The volunteer Sungolds have climbed the espaliered apple trees out front. The plant nearest the sidewalk is dense, with many smallish tomatoes. It reaches through the fence to the side where the toddler lives. She runs there each morning and picks orange tomatoes to eat.
The plant toward the back has bigger fruit and longer, whip-like branches. Denise helps me pick and slice, trying to save as many as possible. We feed them to anyone who will eat them, and still there are more. I think there will be cherry tomatoes until a hard frost. Will I manage to not pull them out before January?
Estimating how much to plant is an art I've not yet mastered. I thought three Principe Borghese plants would keep me in sun-dried tomatoes all year long. Given the vagaries of my irrigation system, I underplanted. I'm trying to keep up with the harvest and preserve as many as I can. I'm already eating them, chopped into quinoa, tossed with pine nuts over pasta, and in salads.

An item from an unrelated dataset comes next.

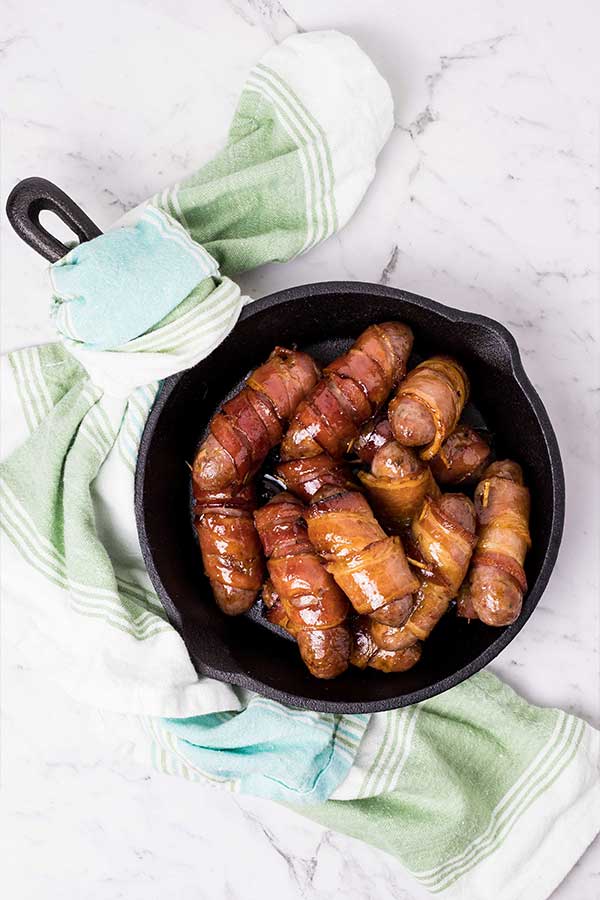 a skillet of bacon wrapped sausages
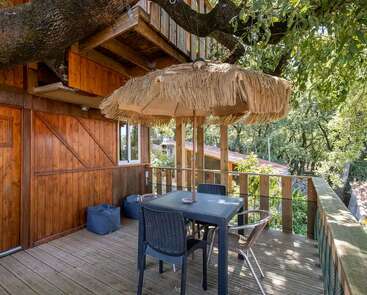 Une terrasse en bois chaleureuse, entourée d'arbres luxuriants, équipée d'une table carrée avec quatre chaises, d'un parasol en paille et d'un coin salon extérieur propice à la détente à l'ombre.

But drying them in the oven isn't resource-wise, and perhaps more importantly, I'm over-crisping them. I'm pretty impatient. There's a book in our local library about building a solar dehydrator that looks pretty interesting. I'd hate to buy an electric one.
In the mean time? I'm making do with the huge solar oven-like thing out front. The dash of the van is good for turning crystallized honey back into pourable liquid, and it's doing a great job on these tomatoes, too.
What passers-by think of it is beyond my knowing. The results have been wonderful.